SCADA network and control can save you a lot of money and increase profitability. However, your SCADA implementation (if not done properly) can be a sinkhole of cost overruns, delays, and limited capabilities.

Let's go over some of the essentials of SCADA network technology, as well as the main guidelines for evaluating SCADA systems - this way I can help you implement a SCADA network that best fits your needs.


Before Anything Else: What Exactly is a SCADA Network and What Can it Do for You?

SCADA is not a specific technology, but it's a type of application.

SCADA stands for Supervisory Control and Data Acquisition - any application that gets data about a system in order to control that system is a SCADA application.
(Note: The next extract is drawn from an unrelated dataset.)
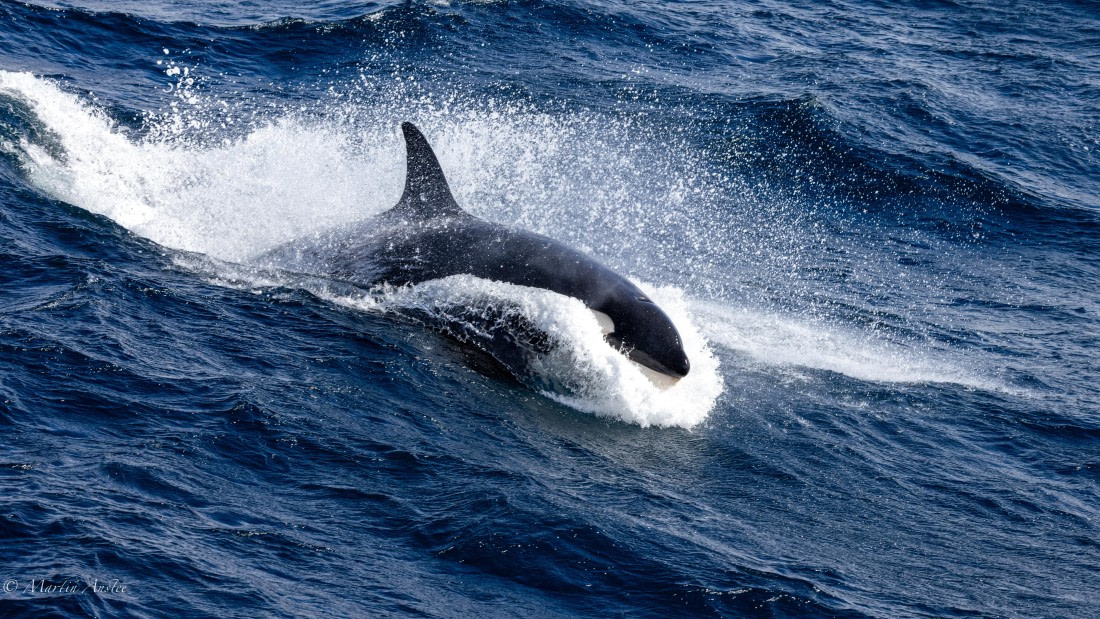 PLA27-25, Day 13, 088A7006 © Martin Anstee - Oceanwide Expeditions.jpg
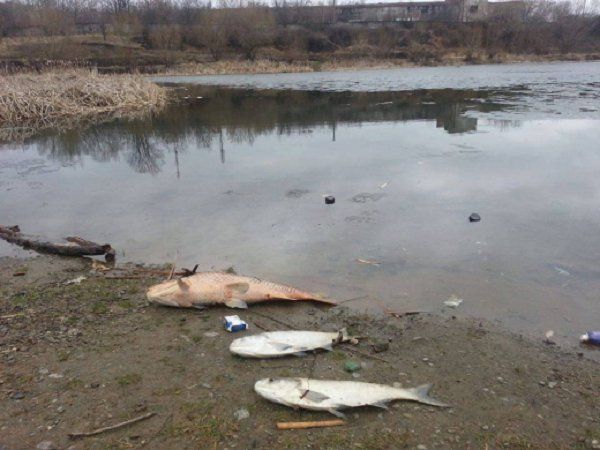 В Ужгороде на озере "Кирпичка" появилась масса погибшей рыбы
A SCADA network has two main elements:

  1. The process/system/machinery you want to monitor and control

    This can be a power plant, a water system, a network, a system of traffic lights, or pretty much anything else.

  2. A network of intelligent devices that interfaces with the first system through sensors and control output

    This network, which is the SCADA system, gives you the ability to measure and control specific elements of the first system.


Where Can You use a SCADA Network?

You can use SCADA to manage any kind of gear.

Normally, SCADA systems are used to automate complex industrial processes where human control is impractical - systems where there are more control factors, and more fast-moving control factors, than individuals can comfortably deal with.

Here are some of the examples of where SCADA networks can be implemented:


SCADA networks are used in many different industries, such as water/sewage, power, manufacturing and mass transit.

This list barely covers all the possible applications for SCADA systems.

SCADA networks are used in nearly every industry and public infrastructure project - simply anywhere automation increases efficiency.

Also, these examples don't really cover how deep and complex SCADA data can be. In every industry, managers need to control multiple factors and the interactions between those factors. SCADA systems provide the capabilities and the computational power to track everything that's important to your operations.


What is the Value of SCADA Networks to You?

Do you work in one of the previous fields listed?

Maybe you don't, but think about your operations and all the aspects that can affect your bottom line.


Now, How SCADA Systems Work?

SCADA network systems are normally constituted of four components:

  1. Sensors

    Sensors - either digital or analog - and control relays that directly interface with the managed system.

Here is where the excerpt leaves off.